§ TASK ITEM: Please restate the data that follows word for word, with the pictures left out.
***** INFORMATION SUPPLIED
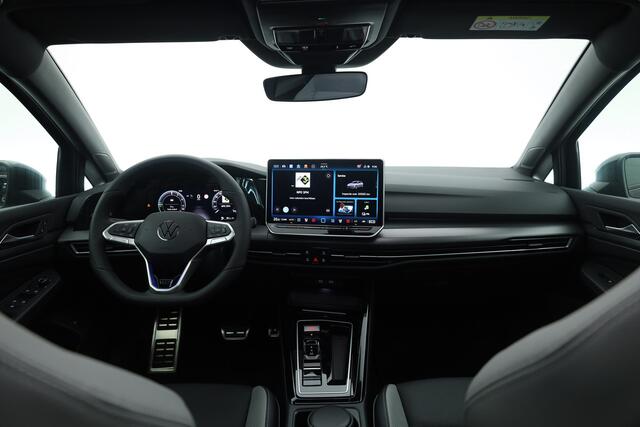 Volkswagen GOLF 1.5 eHybrid GTE 272pk | Pano | Stoelventi. | Elek. Trekhaak | Memory | IQ. Light | 360cam | 18'' | Leder | Dodehoek. | Apple CarPlay
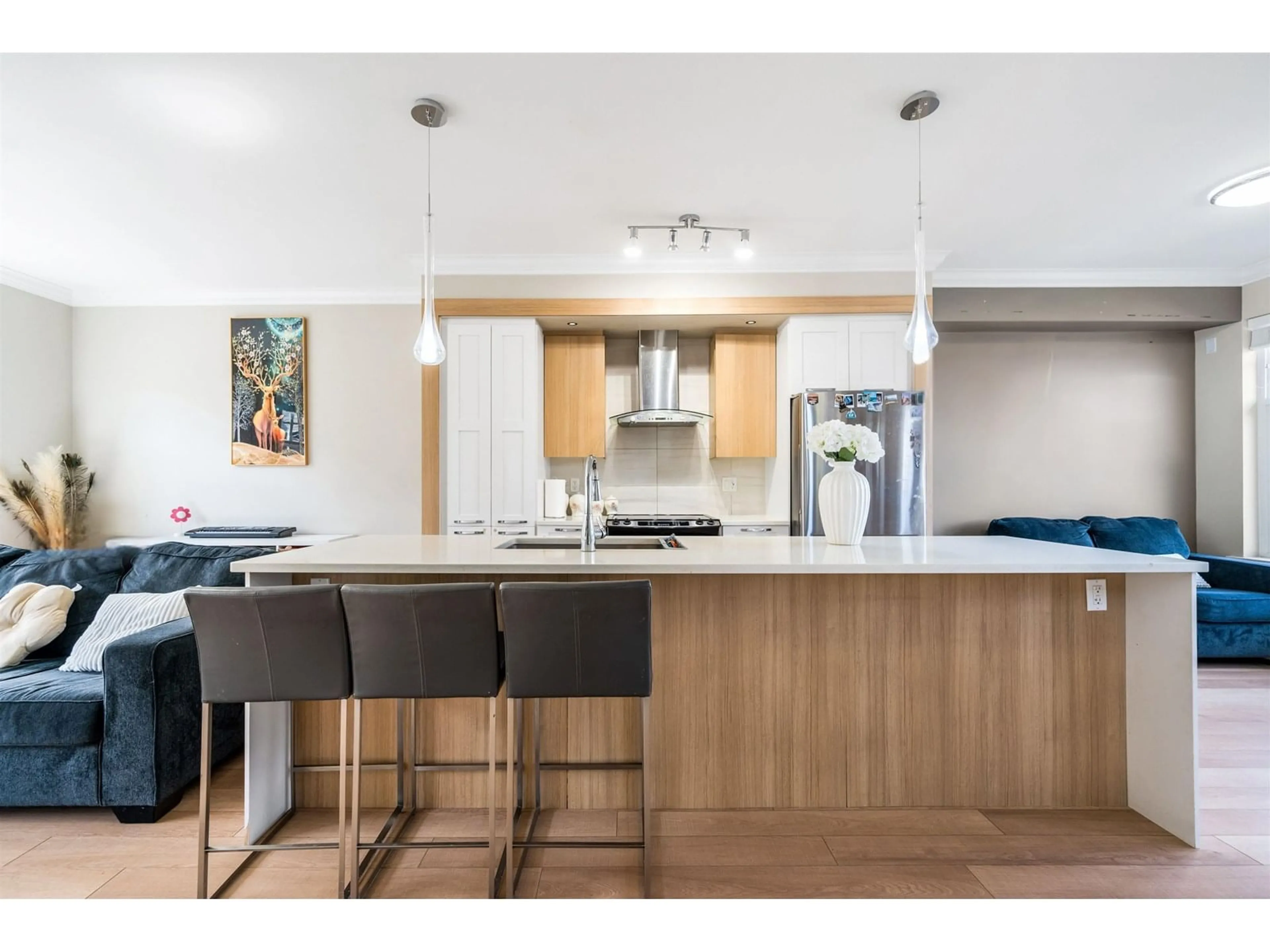 Open concept kitchen, wood/laminate floor for 68 - 6350 142, Surrey British Columbia V3X1B8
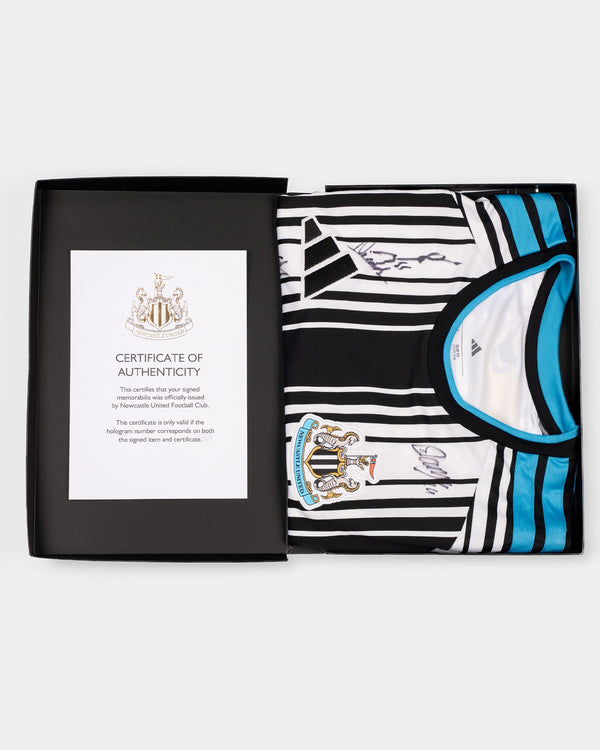 Newcastle United 26/27 Boxed Signed Home Shirt - Full Squad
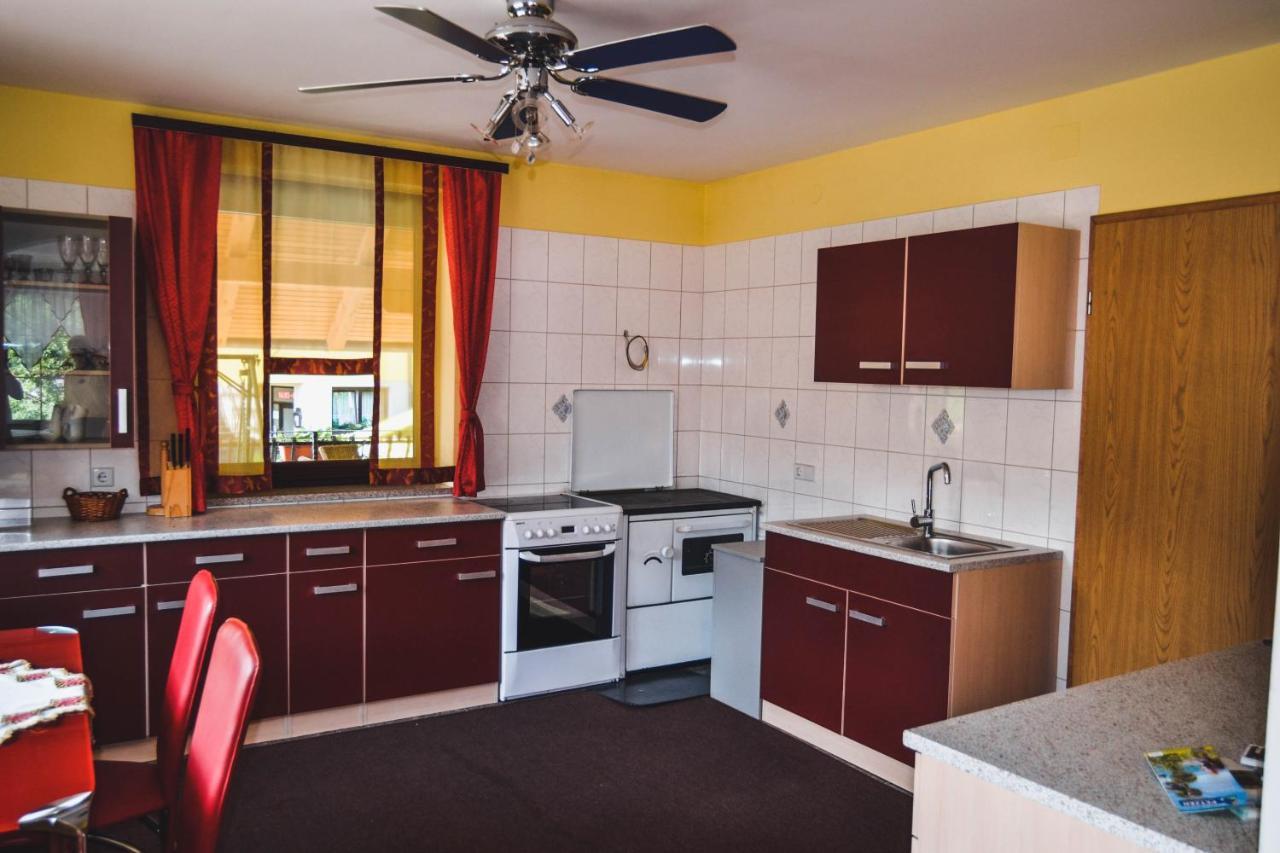Apartmaji Krebs Mezica Kültér fotó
**********
§ RESULT:
 Volkswagen GOLF 1.5 eHybrid GTE 272pk | Pano | Stoelventi. | Elek. Trekhaak | Memory | IQ. Light | 360cam | 18'' | Leder | Dodehoek. | Apple CarPlay
 Open concept kitchen, wood/laminate floor for 68 - 6350 142, Surrey British Columbia V3X1B8
 Newcastle United 26/27 Boxed Signed Home Shirt - Full Squad
Apartmaji Krebs Mezica Kültér fotó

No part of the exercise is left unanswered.